I also liked the handling of the relationship between Robin and Cormoran. It is cool and professional - Robin spends the whole book on the point of finishing her temp position - and the obvious romantic rabbit hole is avoided by making Robin freshly engaged and Strike an emotional mess following his breakup. Obviously things will probably happen in later books - genre convention more or less demands it - but the subversion of the competent and logical male detective and his more emotional female assistant was pleasing.
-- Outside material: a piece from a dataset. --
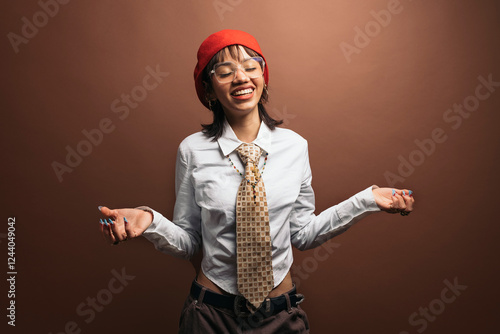 Stylish woman wearing beret and tie is smiling with closed eyes photo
It is a shame, therefore, about the fatal flaw. It would be too spoilery to discuss it, so suffice to say that Rowling breaks what I consider to be the first rule of whodunnit plotting and as a result the ending did not work for me. Still, the sleuthing that preceded it was more than pleasantly acceptable and Strike and Robin are characters with whom I would be happy to spend more time. She may not like it, but Rowling's undoubted talents really do seem to manifest most effectively within the constraints of genre fiction.

Date: 2015-04-08 04:45 pm (UTC)
From: [identity profile] ingaborg.livejournal.com
I'm now intrigued as to what you consider the first rule of whodunnits. I think I'd pick "the murderer should be somebody we know about", as Jane Austen pointed out in Northanger Abbey. ('Emma' shows what a totally outstanding detective writer Austen could have been).

The other possible first rule is that it should be possible for the reader to solve the murder - all the information should be there - and perhaps that encompasses the rule I put in above.